In the records below, repeat exactly the lines between the line holding "H&M Baby Girl" and the line holding "Building Photo - 3-Bedroom", inclusive, and drop the pictures.

= DATA SUPPLIED =
--- START ---
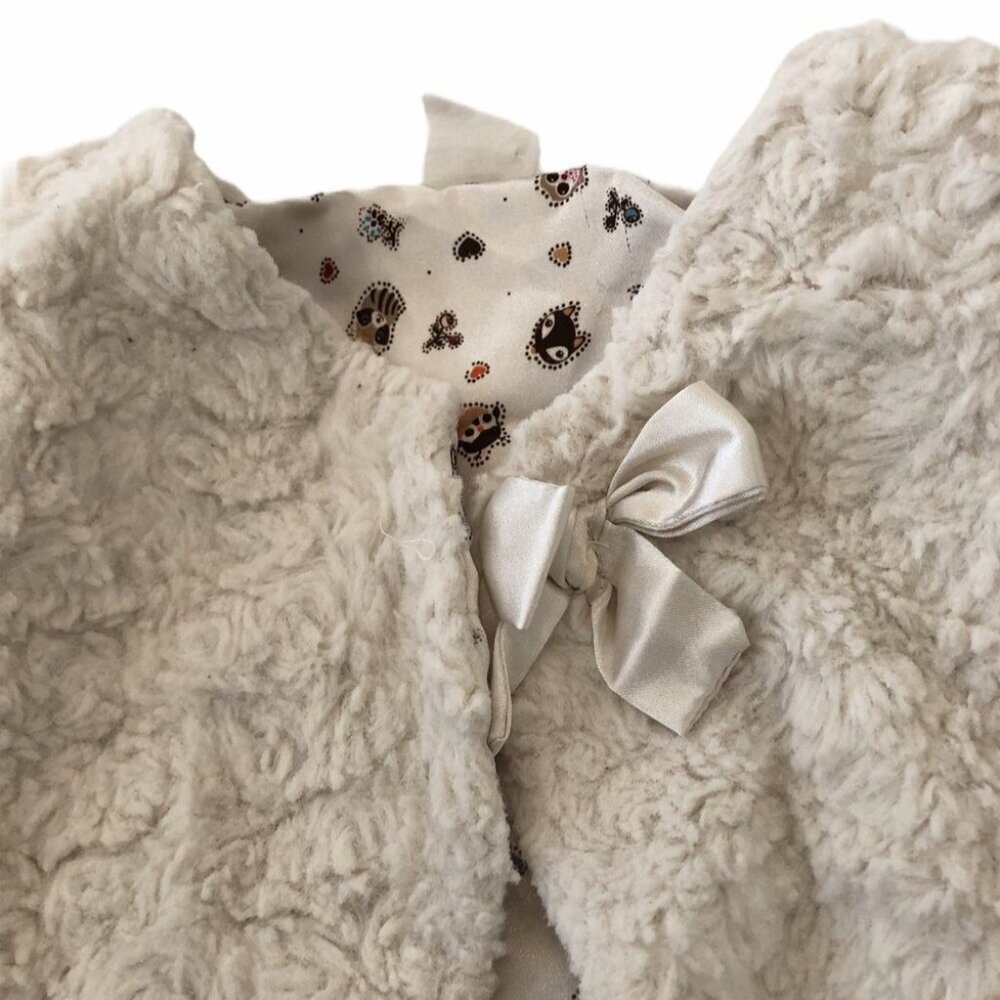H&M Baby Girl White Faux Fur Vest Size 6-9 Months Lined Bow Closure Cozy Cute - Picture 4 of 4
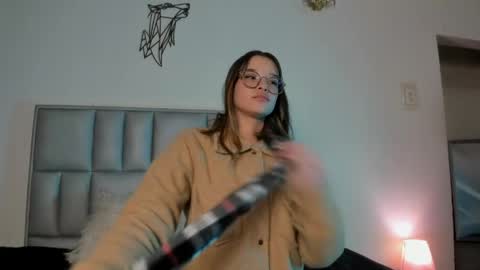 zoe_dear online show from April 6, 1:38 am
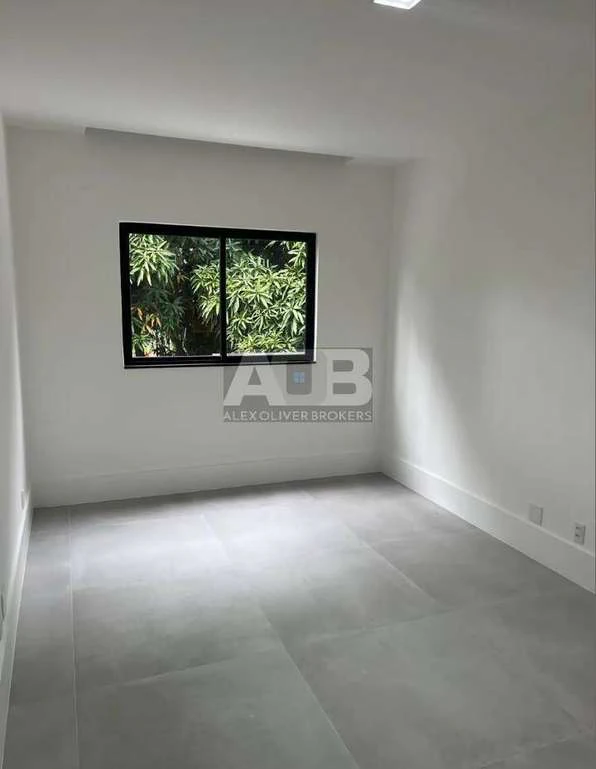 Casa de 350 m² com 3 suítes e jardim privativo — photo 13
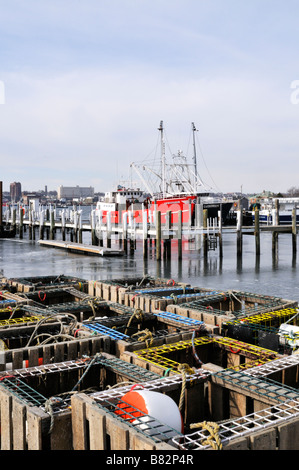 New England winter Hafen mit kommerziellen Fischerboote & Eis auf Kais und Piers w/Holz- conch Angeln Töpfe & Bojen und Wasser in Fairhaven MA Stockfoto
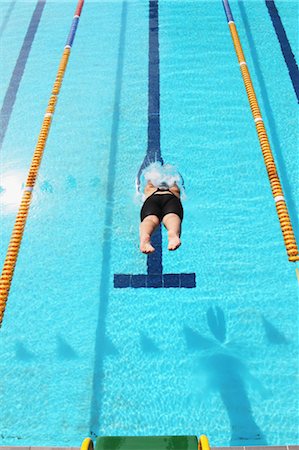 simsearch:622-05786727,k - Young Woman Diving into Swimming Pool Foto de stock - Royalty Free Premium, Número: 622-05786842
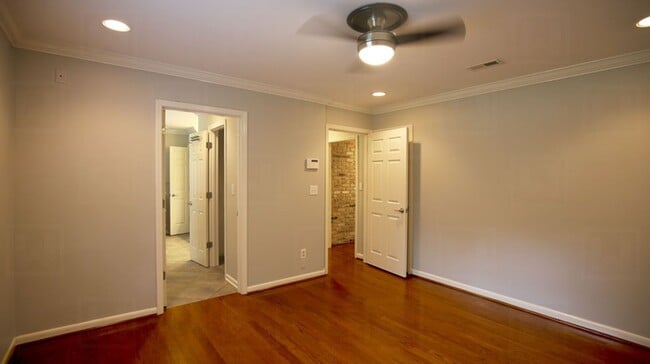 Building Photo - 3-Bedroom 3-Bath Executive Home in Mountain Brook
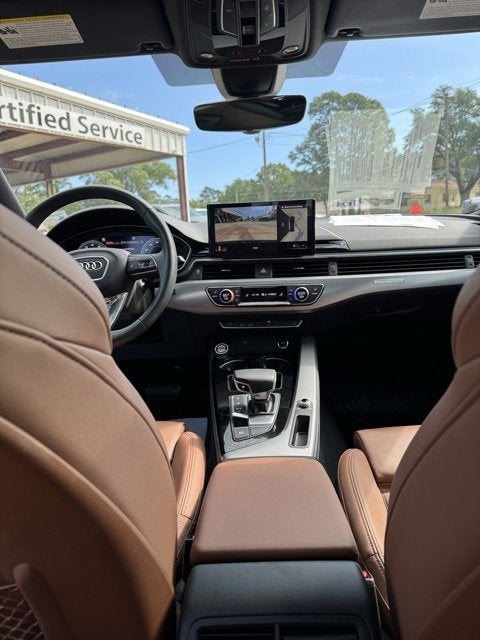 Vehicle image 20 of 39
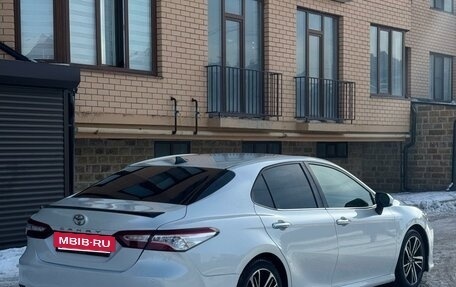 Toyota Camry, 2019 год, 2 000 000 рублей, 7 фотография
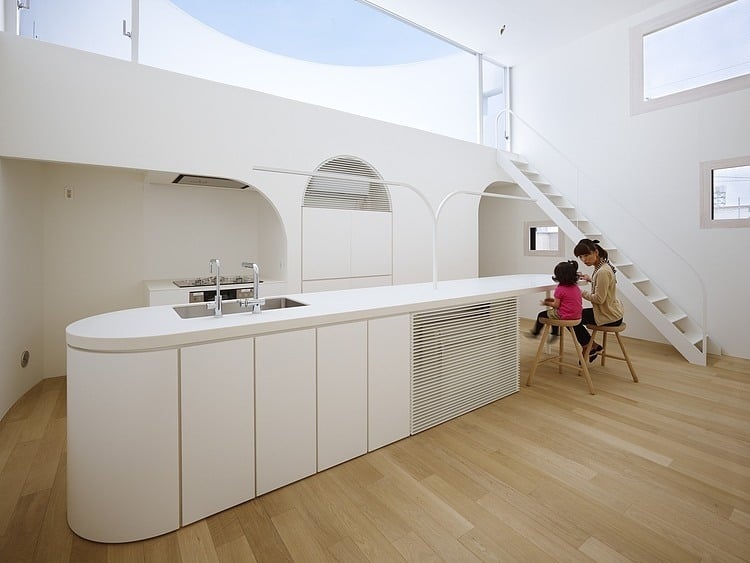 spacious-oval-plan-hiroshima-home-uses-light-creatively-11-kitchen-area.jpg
--- END ---
--- START ---
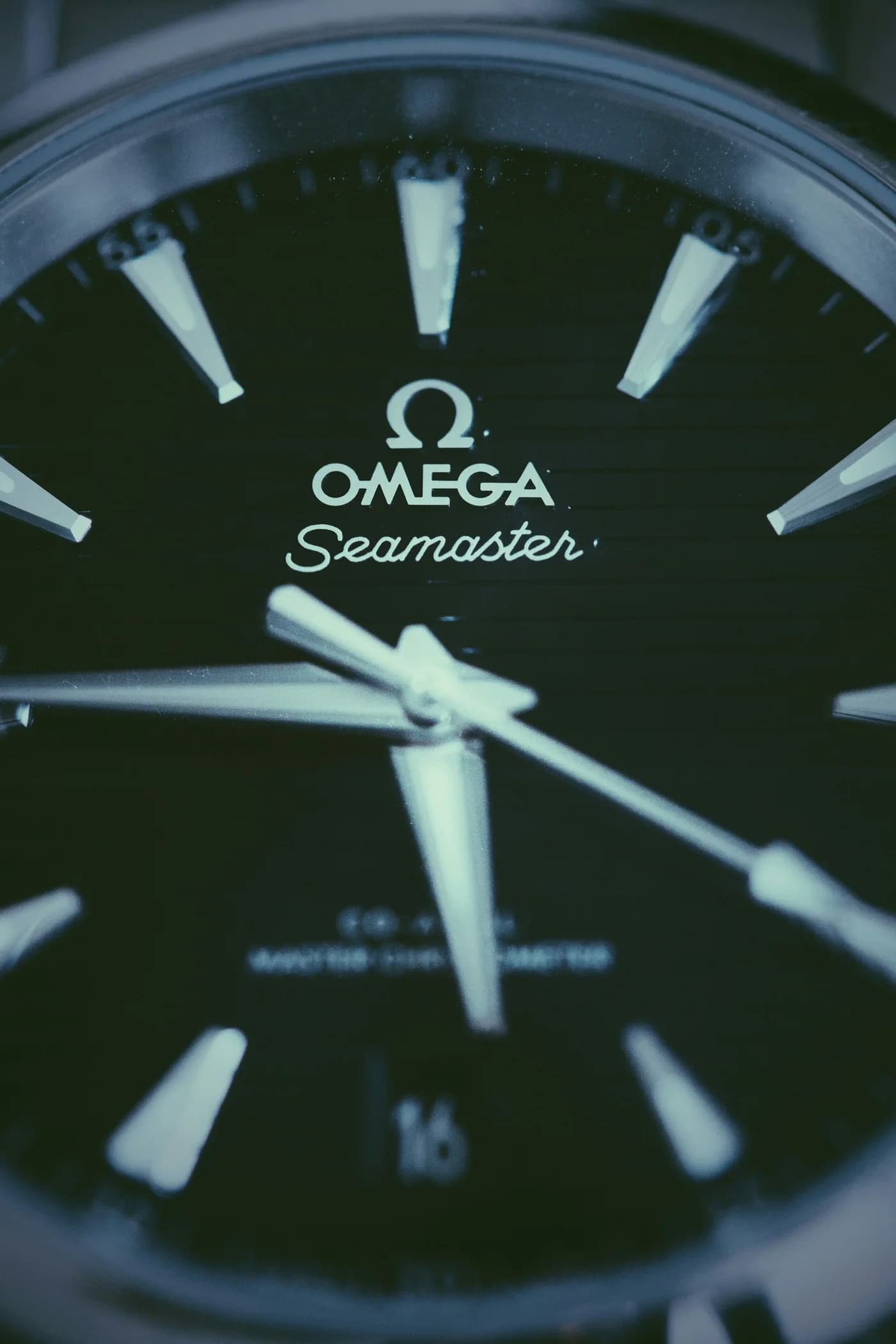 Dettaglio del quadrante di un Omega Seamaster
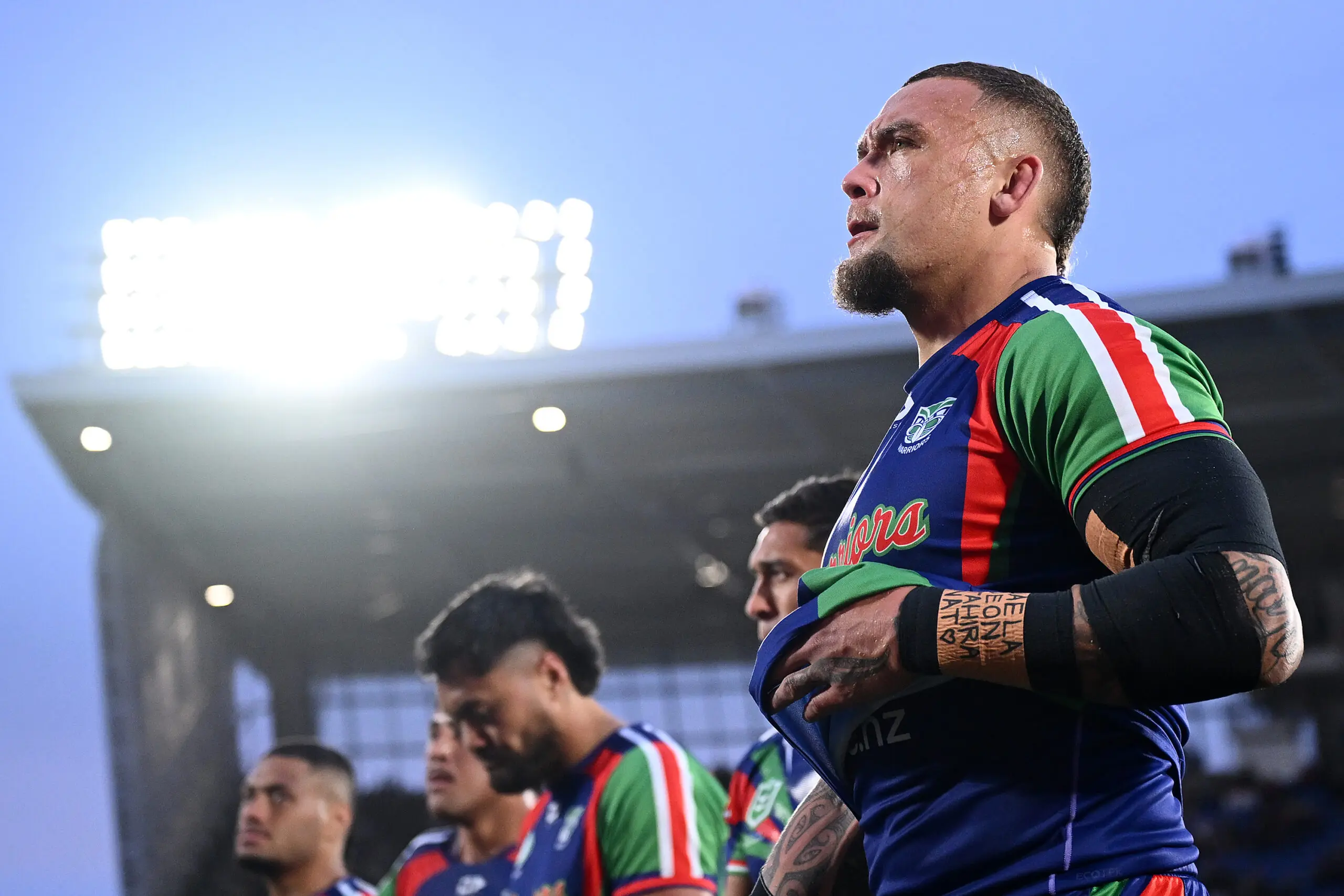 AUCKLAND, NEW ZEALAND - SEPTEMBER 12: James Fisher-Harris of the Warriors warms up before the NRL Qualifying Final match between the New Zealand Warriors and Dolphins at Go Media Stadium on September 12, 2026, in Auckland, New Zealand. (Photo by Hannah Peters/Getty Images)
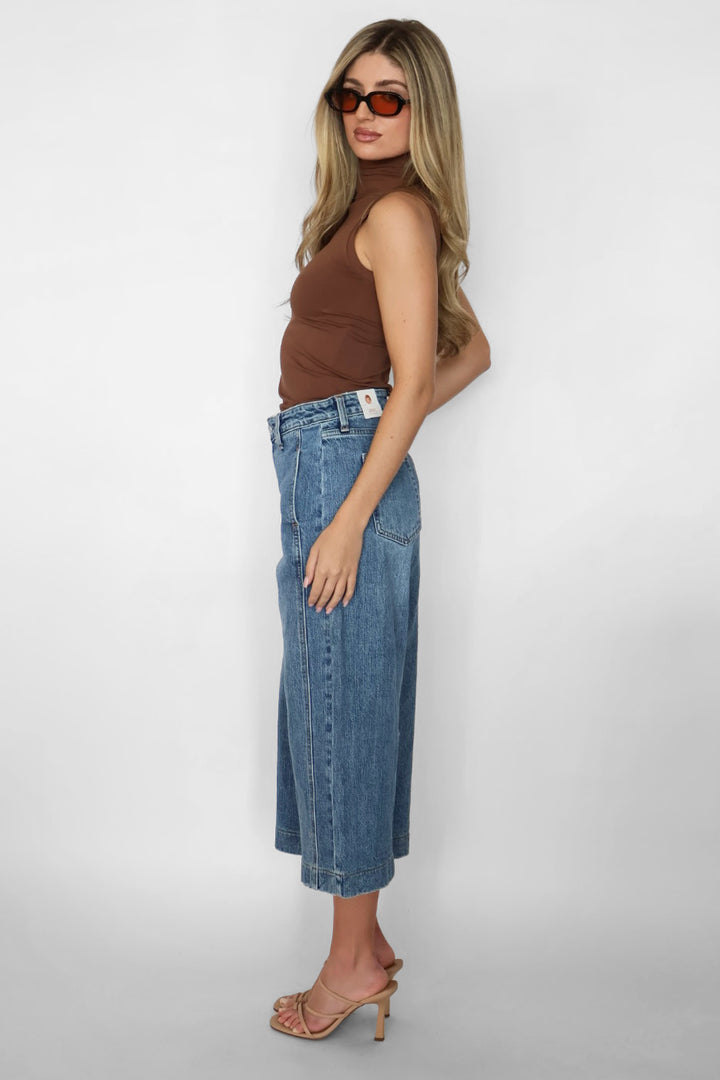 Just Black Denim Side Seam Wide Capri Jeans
--- END ---
--- START ---
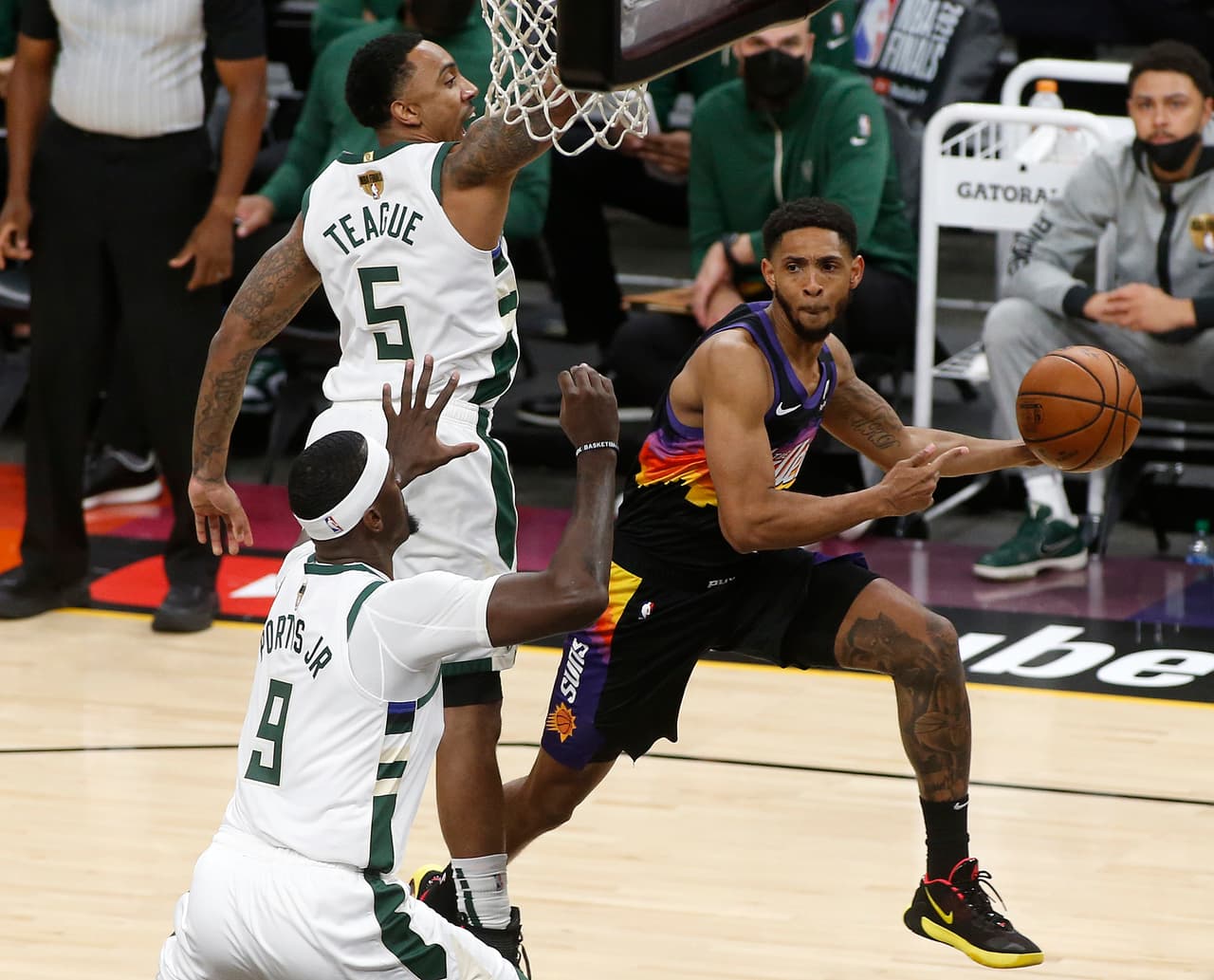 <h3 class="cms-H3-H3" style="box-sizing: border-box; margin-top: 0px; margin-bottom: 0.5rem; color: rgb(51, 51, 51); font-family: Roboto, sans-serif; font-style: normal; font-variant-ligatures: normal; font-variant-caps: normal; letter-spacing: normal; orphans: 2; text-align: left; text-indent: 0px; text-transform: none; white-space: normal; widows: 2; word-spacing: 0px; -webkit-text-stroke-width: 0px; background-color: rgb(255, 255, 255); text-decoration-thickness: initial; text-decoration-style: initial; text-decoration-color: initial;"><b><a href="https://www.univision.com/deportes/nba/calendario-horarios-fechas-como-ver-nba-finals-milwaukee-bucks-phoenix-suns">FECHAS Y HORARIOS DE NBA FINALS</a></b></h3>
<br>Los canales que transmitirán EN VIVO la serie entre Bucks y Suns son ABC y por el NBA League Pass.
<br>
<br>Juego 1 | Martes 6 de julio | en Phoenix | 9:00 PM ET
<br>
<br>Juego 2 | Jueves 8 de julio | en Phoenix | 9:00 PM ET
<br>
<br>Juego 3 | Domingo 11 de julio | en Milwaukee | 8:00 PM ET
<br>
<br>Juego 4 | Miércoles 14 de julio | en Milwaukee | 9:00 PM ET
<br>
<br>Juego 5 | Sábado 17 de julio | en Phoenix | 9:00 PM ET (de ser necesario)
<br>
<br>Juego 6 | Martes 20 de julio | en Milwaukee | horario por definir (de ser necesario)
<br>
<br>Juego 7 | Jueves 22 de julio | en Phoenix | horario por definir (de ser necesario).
--- END ---
= FINISHED TASK =
H&M Baby Girl White Faux Fur Vest Size 6-9 Months Lined Bow Closure Cozy Cute - Picture 4 of 4
 zoe_dear online show from April 6, 1:38 am
 Casa de 350 m² com 3 suítes e jardim privativo — photo 13
 New England winter Hafen mit kommerziellen Fischerboote & Eis auf Kais und Piers w/Holz- conch Angeln Töpfe & Bojen und Wasser in Fairhaven MA Stockfoto
 simsearch:622-05786727,k - Young Woman Diving into Swimming Pool Foto de stock - Royalty Free Premium, Número: 622-05786842
 Building Photo - 3-Bedroom 3-Bath Executive Home in Mountain Brook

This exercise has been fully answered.